We compete based on the following principal factors:
The ability to provide accurate measurement of digital audiences across multiple digital platforms;
The ability to provide TV audience measurement based on near-census data that increases accuracy and reduces variability;
The ability to provide deduplicated audience measurement across platforms;
The ability to provide actual, accurate and reliable data regarding audience behavior and activity in a timely manner, including the ability to maintain large and statistically representative panels;
The ability to provide reliable and objective third-party data that, as needed, is able to receive industry-accepted accreditation;
The ability to adapt product offerings to emerging digital media technologies and standards;
The breadth and depth of products and their flexibility and ease of use;
The availability of data across various industry verticals and geographic areas and expertise across these verticals and in these geographic areas; and
The ability to offer products that meet the changing needs of customers, particularly in the evolving privacy environment.
We believe we compete favorably on these factors and that our vision and investments in the future of media measurement across platforms will deliver products and services that our customers will continue to trust and value.
Government Regulation and Privacy
U.S. and international data security and privacy laws apply to our various businesses.
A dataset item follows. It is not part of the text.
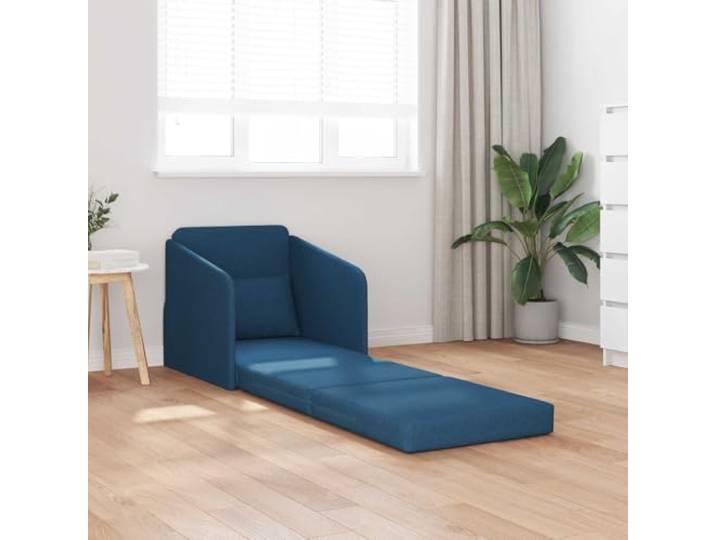 KTHLBRH Schlafsofa blau 65 x 80 x 83 cm Stoff Gestell aus Metall und Sperrholz, manueller Mechanismus, Kissen mit Reißverschluss, Verwendung im Innenbereich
We have programs in place to detect, contain and respond to data security incidents; however, increasing technology risks or unauthorized users who successfully breach our network security could misappropriate or misuse our proprietary information or cause interruptions in our services. Many countries have data protection laws with different requirements than those in the U.S., and many states in the U.S. have or are developing their own data protection and privacy requirements. This may result in inconsistent requirements and differing interpretations across jurisdictions.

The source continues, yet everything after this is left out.